Un autre Anglais nommé Muller qui m'était venu voir à Ferney, et qui croit être par tout dans le parlement de Westminster, s'est avisé de dire depuis peu dans Rome qu'il s'était chargé de me raporter les oreilles du grand inquisiteur, dans un papier de musique. Le pape en aiant été informé, lui a dit, faittes bien mes compliments à Mr De V. mais dites lui que sa commission est infaisable. Le grand inquisiteur n'a plus d'yeux ni d'oreilles.
Moi qui n'avais point du tout chargé mon Anglais de cette mauvaise plaisanterie, j'ai été tout confondu du compliment de sa sainteté. J'ai pris la liberté de lui écrire que je lui croiais les meilleures oreilles et les meilleurs yeux du monde, un ingegno accorto, un cuore benevolo, et que je comptais sur sa bénédiction paternelle in articulo mortis.
A vue de païs vôtre cour de Paris ne sera pas longtems le parlement de Mr Muller.
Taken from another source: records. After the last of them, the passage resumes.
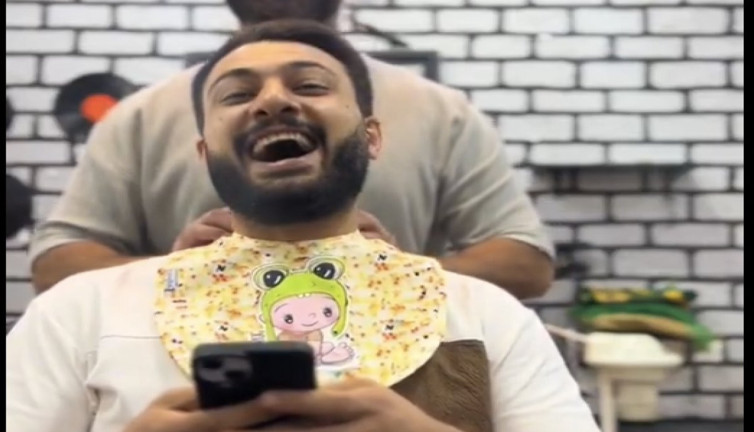 Müşterilerine berber önlüğü değil bebek önlüğü taktı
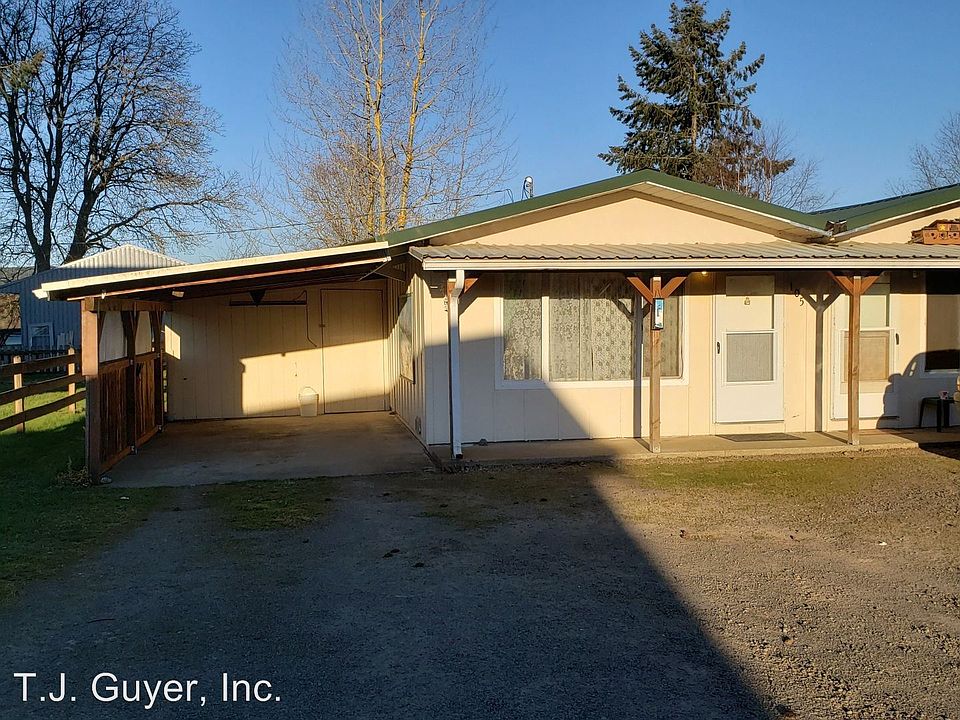 2nd image of 105 Engle Dr #B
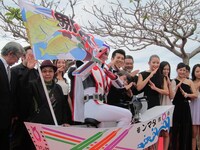 地域発信型映画「税金サイボーグ・イトマン」より、ガレッジセール・ゴリ監督、ヒーロー・イトマンほか。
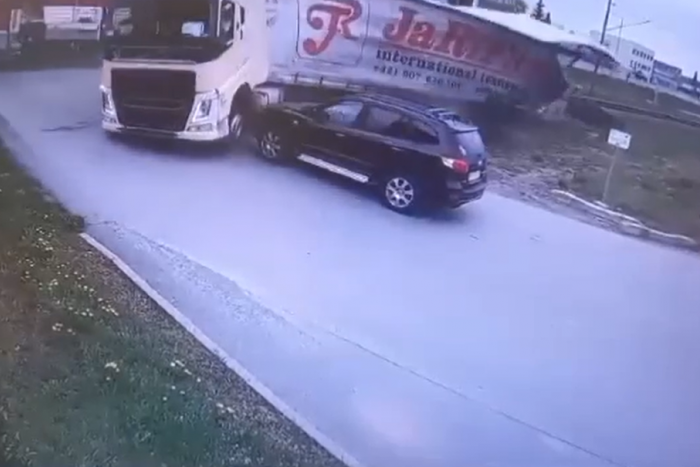 Ilustračný obrázok k článku Autentické VIDEO zo zrážky kamióna s vlakom: Na priecestie šiel pomaly a nasledoval NÁRAZ!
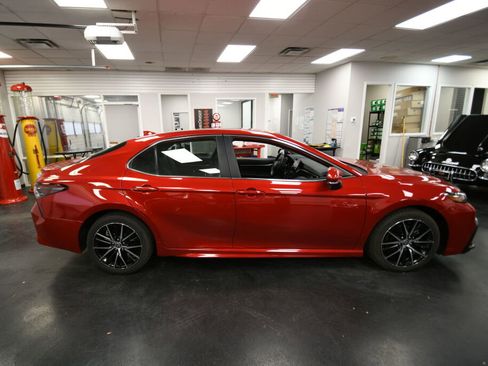 Certified 2023 Toyota Camry SE image 8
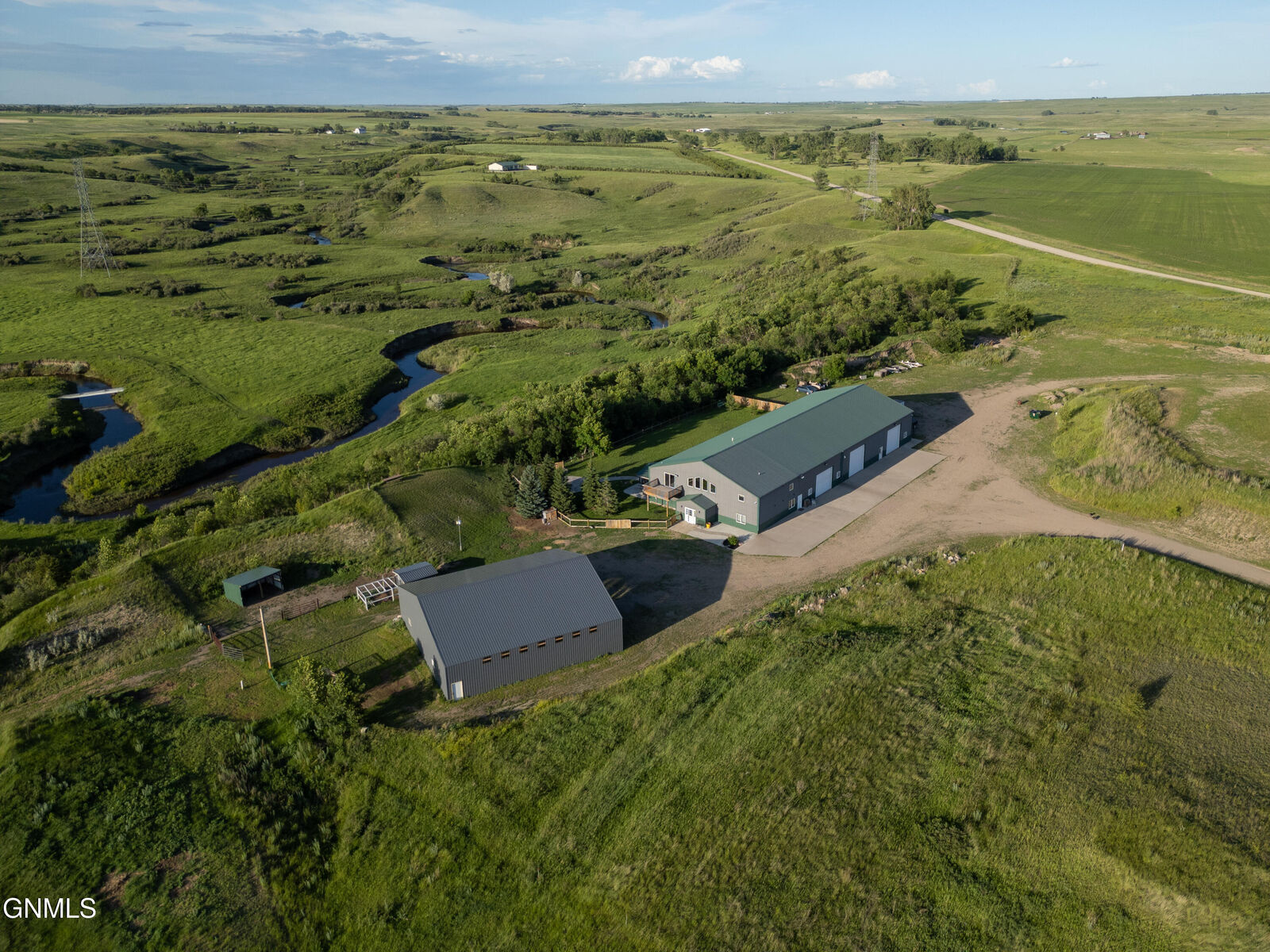 Property Photo:  1175 20th Avenue SW  ND 58577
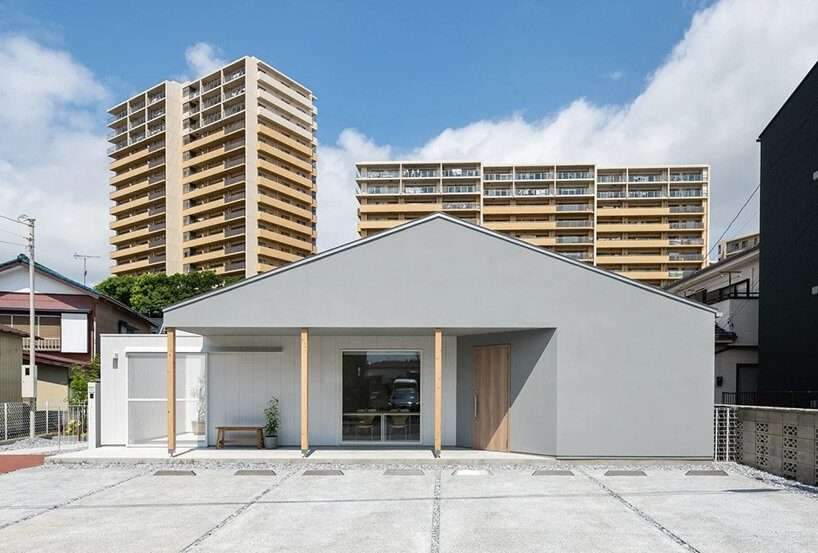 vaulted ceiling drapes over peaceful house + café by mikaduki architects in japan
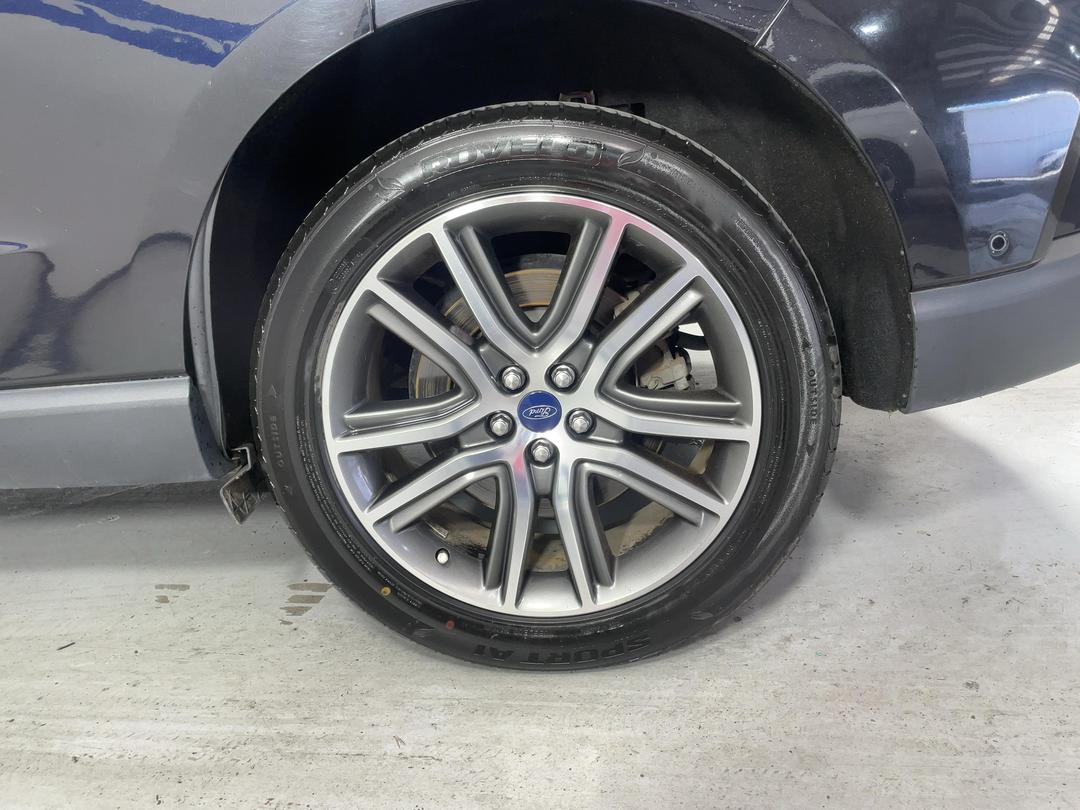 Photo '11' of Ford Endura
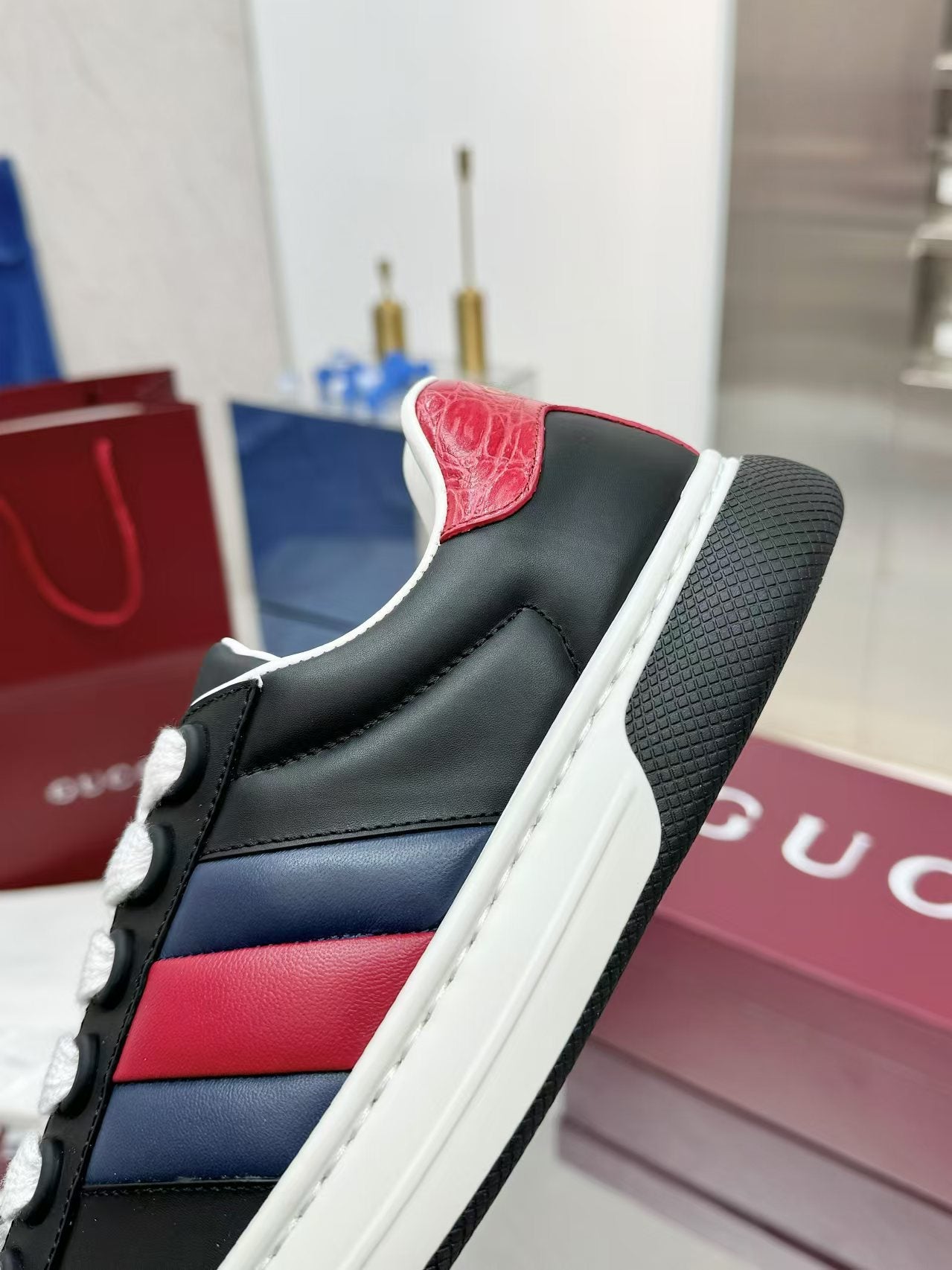 GG Men's ACE Sneaker Black Cowhide 574739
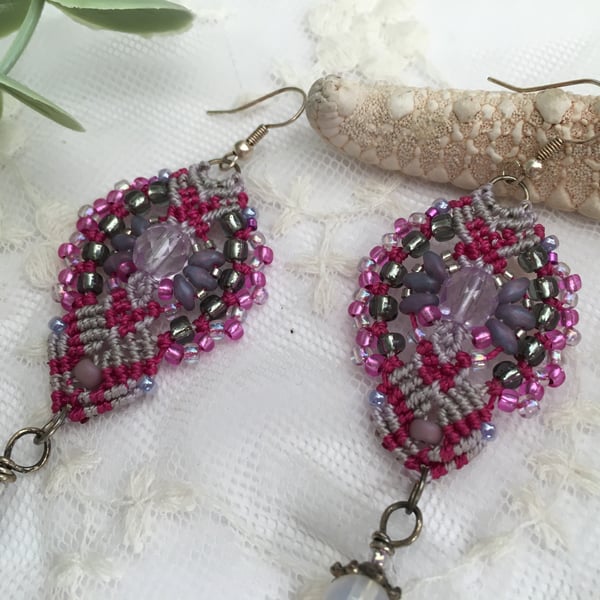 Earrings Dangle Macrame earrings, Bohemian, Holiday earrings, beach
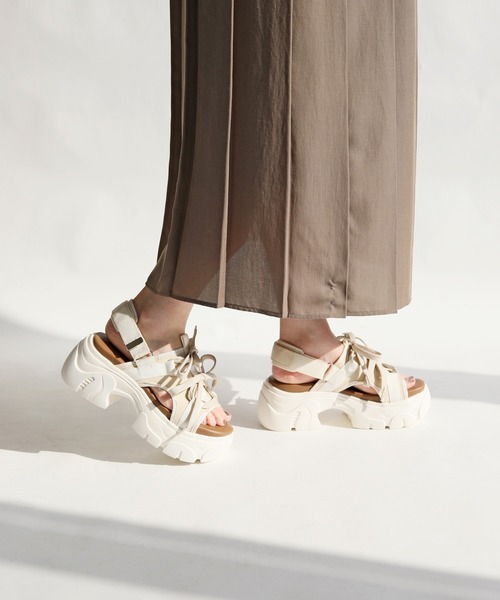 RiiiKa（リーカ）の「【RiiiKa/リーカ】レースアップ厚底サンダル（サンダル・レディース・アイボリー/ブラック/カーキ・S/M/L/LL）」の21枚目の写真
Voilà une grande révolution faitte en peu de mois. C'est une époque bien remarquable dans l'histoire des Welches.
Vous savez sans doute tous les détails de l'assassinat du Roi de Pologne. C'est bien là une autre affaire parlementaire. Je vous suplie de remarquer que voilà cinq têtes couronnées, cinq images de Dieu assassinées en très peu de tems dans ce siècle philosophique. On ne peut pas dire pourtant que les philosophes aient eu beaucoup de part à ces actions d'Aod et de Ravaillac.
Conservez moi vos bontés, Monseigneur; il faut que ceux qui ont encor la vigueur du bel âge aient pitié de ceux qui l'ont perdue.